So I have a my data set currently looks like the following:
['microsoft','bizspark'],
['microsoft'],
['microsoft', 'skype'],
['amazon', 's3'],
['amazon', 'zappos'],
['amazon'],
.... etc.
Now what I would love to do is cluster these in regards to one another, using the Levenstein distance to calculate word scores.
Now I would iterate through all of the lists and compare the distance to the following lists.
microsoft -> ['microsoft','bizspark'], ['microsoft'], ['microsoft', 'skype'],
amazon -> ['amazon', 's3'], ['amazon', 'zappos'], ['amazon'], ....
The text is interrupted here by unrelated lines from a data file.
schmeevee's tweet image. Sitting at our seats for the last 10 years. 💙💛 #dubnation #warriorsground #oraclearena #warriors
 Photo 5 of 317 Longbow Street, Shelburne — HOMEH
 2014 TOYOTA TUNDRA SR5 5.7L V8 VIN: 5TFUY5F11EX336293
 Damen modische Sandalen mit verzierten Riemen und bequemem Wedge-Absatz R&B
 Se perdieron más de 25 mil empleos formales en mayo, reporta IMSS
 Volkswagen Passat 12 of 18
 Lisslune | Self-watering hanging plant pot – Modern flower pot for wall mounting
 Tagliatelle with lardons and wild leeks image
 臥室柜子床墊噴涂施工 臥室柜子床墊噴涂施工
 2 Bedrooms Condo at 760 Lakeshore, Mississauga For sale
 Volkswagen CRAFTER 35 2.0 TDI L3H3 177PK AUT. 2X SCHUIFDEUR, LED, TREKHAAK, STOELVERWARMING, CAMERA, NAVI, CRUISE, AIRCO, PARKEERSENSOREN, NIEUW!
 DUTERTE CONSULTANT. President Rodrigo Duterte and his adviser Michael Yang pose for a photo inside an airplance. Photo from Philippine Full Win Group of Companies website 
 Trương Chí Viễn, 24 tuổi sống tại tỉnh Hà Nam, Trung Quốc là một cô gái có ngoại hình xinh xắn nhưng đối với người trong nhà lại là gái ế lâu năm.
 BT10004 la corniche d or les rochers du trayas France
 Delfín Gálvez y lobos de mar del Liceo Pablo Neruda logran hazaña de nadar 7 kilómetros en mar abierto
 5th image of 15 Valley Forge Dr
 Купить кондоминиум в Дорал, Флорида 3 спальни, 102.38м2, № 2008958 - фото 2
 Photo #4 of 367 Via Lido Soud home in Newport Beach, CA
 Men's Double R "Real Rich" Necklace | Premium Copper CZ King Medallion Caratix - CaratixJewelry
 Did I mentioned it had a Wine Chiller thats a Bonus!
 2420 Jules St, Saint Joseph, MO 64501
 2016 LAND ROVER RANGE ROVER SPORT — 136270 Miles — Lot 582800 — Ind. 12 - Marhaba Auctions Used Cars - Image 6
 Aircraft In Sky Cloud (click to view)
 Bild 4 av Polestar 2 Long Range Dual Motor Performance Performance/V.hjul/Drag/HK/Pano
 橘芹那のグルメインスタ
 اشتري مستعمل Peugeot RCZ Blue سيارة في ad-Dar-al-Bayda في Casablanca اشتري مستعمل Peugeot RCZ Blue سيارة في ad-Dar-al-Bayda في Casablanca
The question is how to do this? Should I calculate each levenstein distance on a word by word basis i.e. for ['amazon', 'zappos'] and ['microsoft','bizspark'], I would firstly get pairs: (amazon, microsoft), (amazon, bizspark), (zappos, microsoft, (zappos, bizspark) and calculate the distance of each pair.
Or should I really just create strings from these and then calculate the distance?
What I should then end up with is an NXN matrix with the distance:
['microsoft','bizspark'] | ['amazon', 'zappos'] ....
['microsoft','bizspark'] 1 | ?
_-------------------------------------------------------------------------
['amazon', 'zappos'] ? | 1
...
....
Then how do I apply clustering to this to determine a cut-off threshold?
One such suggestion using single words is discussed here
But I'm not sure how to go about it with regards to word lists!?
Please note, in regards to implementation I am using Python libaries, such as Numpy, Scipy, Pandas and as needed.